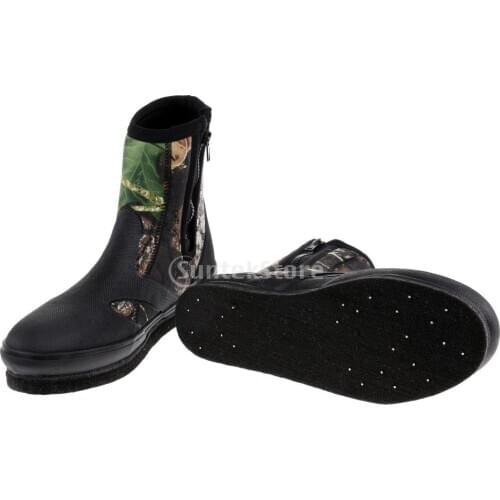 Anti-Slip Outdoor Fishing Boots Shoes River Tracing Shoes Scuba Dive Diving Warm Boots Nails Spikes Camouflage
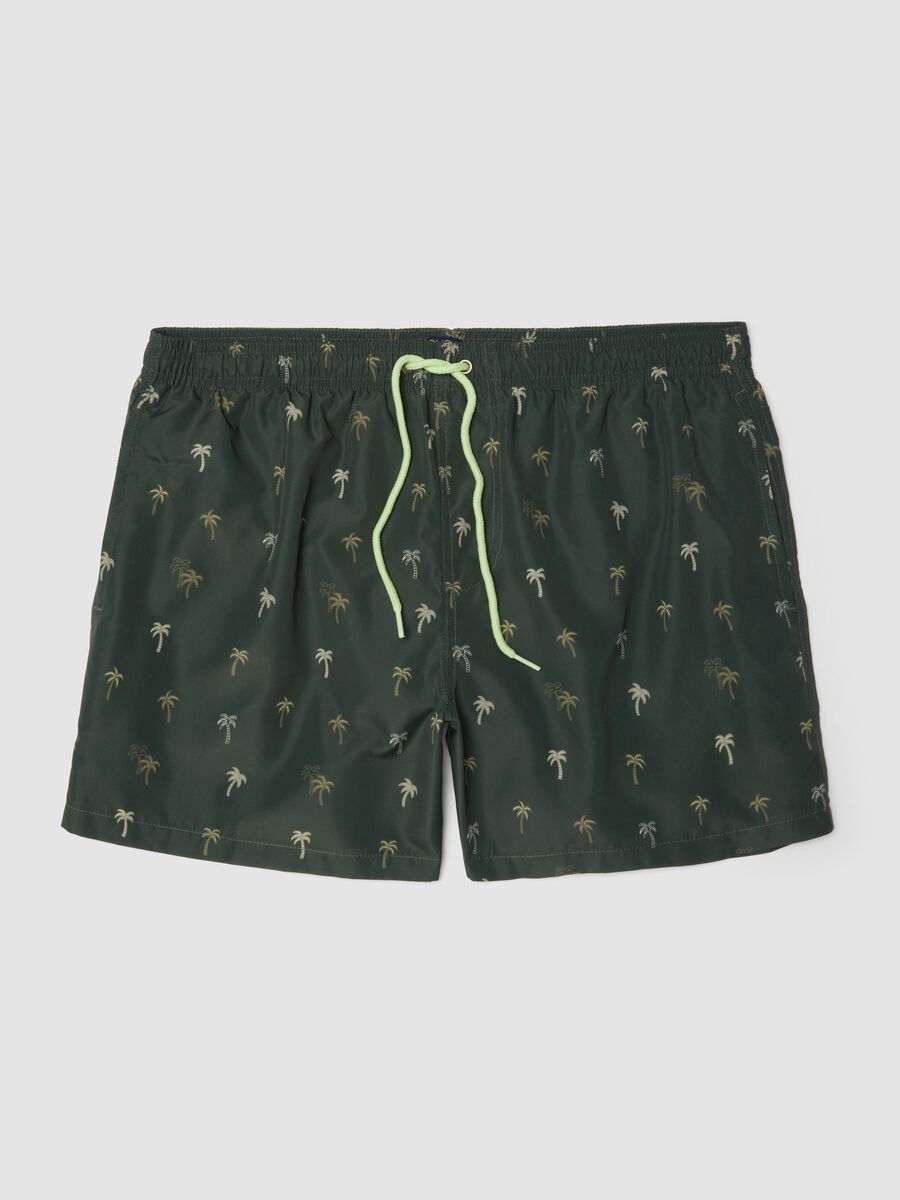 Green boxer swim shorts with palm print_4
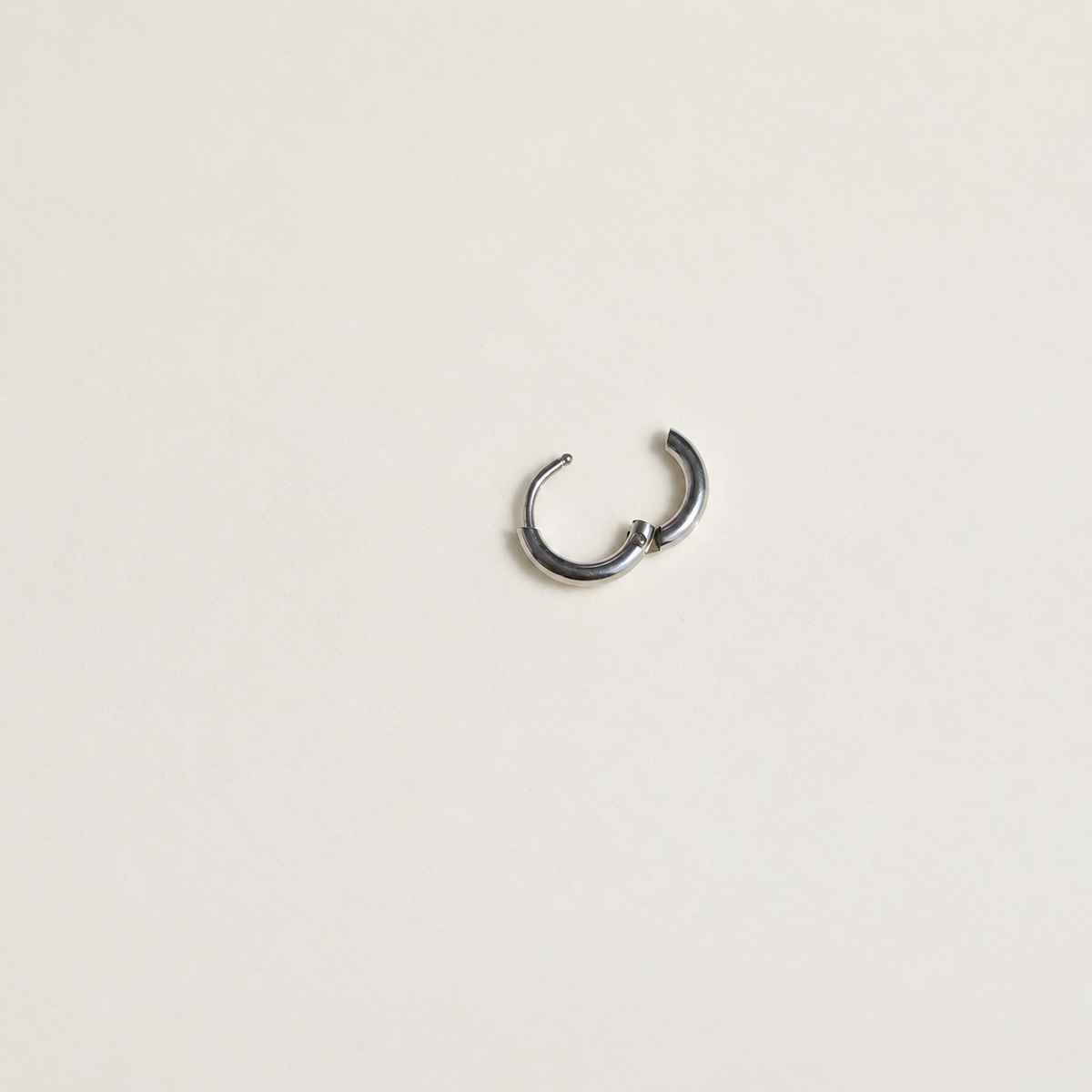 Flat Hoop Ring, 8mm, Gold or Silver, Single
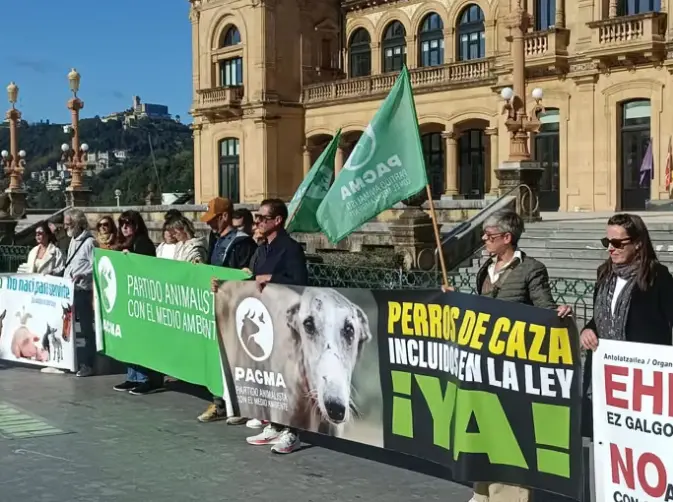 Una concentración en Alderdi Eder reclama protección para los perros de caza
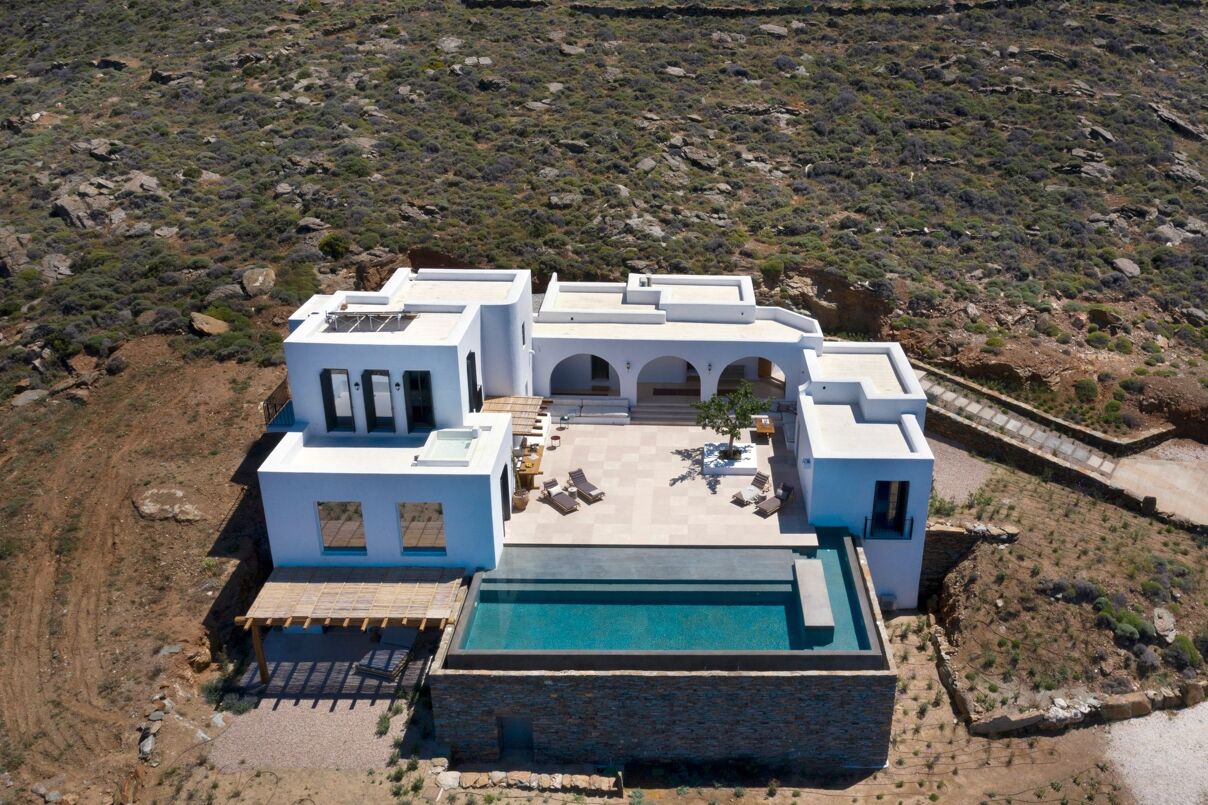 Villa Ione
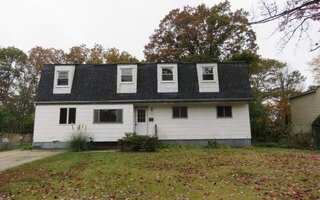 828 Commack Rd, Brentwood, NY 11717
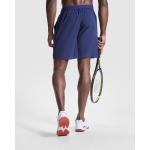 Short de sport court pour homme 100 g/m² Roly Direct Murray couleur bleu marine quatrième vue d'usage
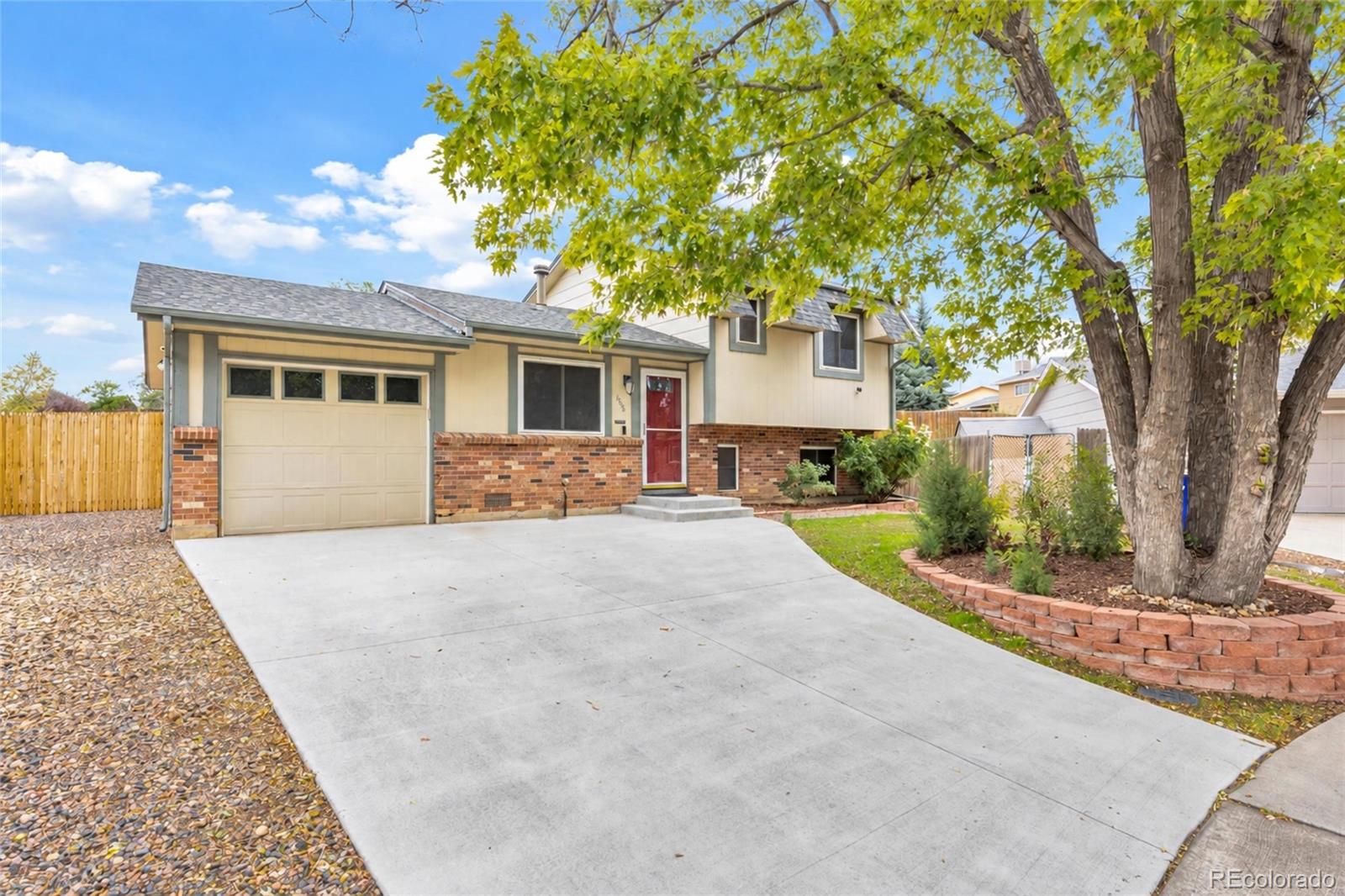 MLS Image #2 for 1706 s memphis street,aurora, Colorado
_ _ _ _ _
» What is expected
Write the listing again exactly, duplicating every line and skipping the pictures.

» Solution
 Anti-Slip Outdoor Fishing Boots Shoes River Tracing Shoes Scuba Dive Diving Warm Boots Nails Spikes Camouflage
 Green boxer swim shorts with palm print_4
 Flat Hoop Ring, 8mm, Gold or Silver, Single
 Una concentración en Alderdi Eder reclama protección para los perros de caza
 Villa Ione
 828 Commack Rd, Brentwood, NY 11717
 Short de sport court pour homme 100 g/m² Roly Direct Murray couleur bleu marine quatrième vue d'usage
 MLS Image #2 for 1706 s memphis street,aurora, Colorado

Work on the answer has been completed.